La reciente llegada a las pantallas españolas de la película 24 hour party people, expresión que se traduciría algo así como "fiesteros a jornada completa", del director británico Michael Winterbottom, ha hecho que los ojos de mucha gente se vuelvan de nuevo sobre Manchester. El cineasta, que acaba de ganar el Oso de Oro de Berlín con In this world, retrata la evolución musical de la ciudad desde la época del punk a la del acid house, incidiendo en la mezcla de rock y música de baile que puso a Manchester en el mapa de la cultura joven. Grupos como Happy Mondays o Stone Roses hacían rock lisérgico. Pero en 1989, el año de mayor fama de la ciudad, pasaban sus noches salvajes en The Haçienda, el club que la revista británica Muzik ha calificado como "el más importante de la historia".
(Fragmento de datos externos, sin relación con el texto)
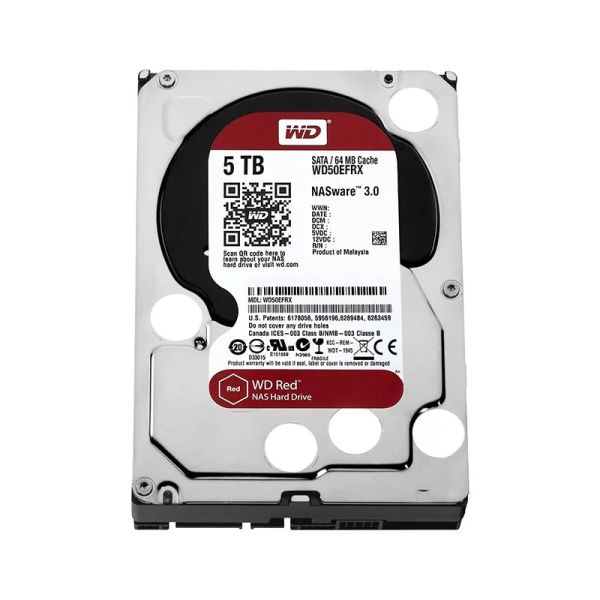 Western Digital Red WD50EFRX 5TB 5.4K RPM SATA 6Gb/s 3.5 Hard Drive (WD50EFRX)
Hoy, The Haçienda ya no existe, fue pasto de guerras entre traficantes que querían dominar el territorio, y una de las primeras víctimas mortales del éxtasis, cayó dentro del local. Pero, más allá de la locura, The Haçienda, con sus pistas de sonidos eclécticos, abrió los oídos a toda una generación de británicos que aprendió que la música electrónica, el rock independiente y las noches de evasión brutal podían formar parte de un mismo todo. Manchester convirtió en moda global este asunto, pero no lo inventó. De hecho, si en el año 1987, cuatro disc-jockeys británicos -entre ellos el famoso Paul Oakenfold- no hubieran visitado Ibiza, ni el éxtasis ni la mezcla de músicas hubiera llegado a Inglaterra. "Las salas de Ibiza, a nivel internacional, rompieron el tabú de mezclar pop, rock y ritmos de baile, pero esto, a principios de los años ochenta, ya lo hacíamos aquí", afirma el disc-jockey valenciano Luis Bonías. En 1984, la discoteca Barraca de Les Palmeretes organizaba viajes en barco al Ku de Ibiza, y docenas de valencianos trabajaban en la noche de la isla. Los pinchadiscos baleares aportaron house espiritual y música negra a un combinado que se inauguró en Valencia, y que aquí desde los primeros ochenta, exploraba esencialmente sonidos blancos.

En los setenta, el funk era la música de los garrulos de discoteca, y la gente iba a las salas a ligar y a pelearse. Carlos Simó, en aquel entonces disc-jockey de Barraca, ayudó a cambiar todo: mezcló, de manera iniciática, tecno-pop con sonidos de guitarras, y esta extravagancia funcionó como imán para la gente más extravagante, y definió un objetivo común: huir de la rutina en un mundo de fantasía, formar una comunidad hedonista. "Las salas se convirtieron en un hervidero de gente creativa, individuos que buscaban donde expresarse", explica quien fue director de Chocolate en los ochenta. Este club era más radical, y programaba música de grupos británicos insólitos que en su país no tenían salida. "Valencia no seguía las modas oficiales, y en la ciudad había una necesidad de formar una vanguardia propia: la gente eligió para este fin discotecas que apostaron por lo experimental". Apostaron por esto gracias a que lo habitual no les había reportado clientela. La droga del momento era la mescalina, y se utilizaba para bailar en comunión. El éxtasis vendría más tarde.

No había una legislación que restringiera los horarios, y discotecas como Spook Factory acercaron este fenómeno a un público mayoritario. Pero en los noventa, las salas se multiplicaron, la música se banalizó, los excesos se multiplicaron entre un público monumental que incluía pandillas problemáticas, y quedó instaurada la ruta del bakalao, hasta que la presión administrativa la eliminó. "Pero, por debajo de todo, había en Manchester, y también aquí, un espíritu romántico y reivindicativo que enervó a la juventud", explica Gabi, joven que vivió aquel tiempo, "y eso tenía su magia".

Jóvenes en una discoteca de Valencia.